At least now I know I’m not alone. According to a new – and admirably honest – survey, one in three drivers have had a near miss on the road due to the stress of driving with children.

The study of 500 parents, commissioned by Volvo, found 52% of parents feel anxious about embarking on long car journeys with children in the back seat, with the most significant distractions for parents included bickering siblings, screaming, children wriggling out pf their seatbelts and a barrage of questions.
And for 19%, the chaos in the back seat had actually resulted in minor bumps with other vehicles.
To be fair, we never had a close encounter due to the never-ending, teeth-clenching business of driving with children.

As the front seat passenger, it was my job to act as the buffer between the driver and the kids, so that all their madness, their demands, their questions and their disputes had to be channeled through and settled by me.
They may be grown up now, but honestly, I can still recall the visceral pain of being driven as close to madness by those journeys as by any other stresses in my life.
Once, I asked my Dad how he had avoided losing his mind driving us four children up and down the country for many years and he confessed that not only had he skirted along the edge of reason, he wasn’t sure he’d ever recovered from the experience.

But we were a bold bunch.

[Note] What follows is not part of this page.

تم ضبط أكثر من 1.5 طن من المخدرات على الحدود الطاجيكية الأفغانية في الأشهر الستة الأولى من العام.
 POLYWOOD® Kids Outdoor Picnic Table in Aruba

Before any long car journey commenced, my brother would man-spread across the back seat, squashing us two younger girls together into a space designed for half a person, and inform the youngest that his intention was to ‘tease, thwart and torment’ her for the entire journey ahead.
THIS meant she was usually already in tears before my Dad had even turned the key in the ignition. Then, before we’d even pulled out of the driveway, we’d start bombarding our unfortunate parents with ‘are we nearly there?’ questions, which wouldn’t let up until, well, we were nearly there.
And so the journey would continue, constant chaos between the three younger kids only occasionally alleviated by my mother reaching back and trying to smack small legs as we ducked and dived out of the way.

Our stoic older sister, meanwhile, above such childish things, would consult her thick copy of the Shell Guide to Ireland and read aloud the entries for every town we passed through. I don’t know which drove my parents more demented.
The universe had its revenge when my own turn came. We didn’t have the Shell Guide but we did have an enthusiastic puker, just to add an extra element of jeopardy to the craziness in the car.
More often than not, we would arrive at our destination in different clothes to the ones we’d set out in and with several plastic bags of vomit adding to the general hellish stink in the car. If we’d needed a holiday before we set out, we needed two by the time we got there.

Eventually, broken, I gave up and started travelling by train with the kids where possible while their Dad went ahead in the car. That might sound mad but it’s not nearly as mad as I was going.
This was all before screens, incidentally, which I’d presumed had finally ended the stress of travelling with children. But this latest survey is from the post-screen apocalypse and the kids are still driving their parents mad in cars.
Maybe it’s just a rite of passage that we all have to go through, the price of the crazy optimism of taking children on holidays. In which case – and with another four weeks to go before the happy release of going back to school – be careful out there.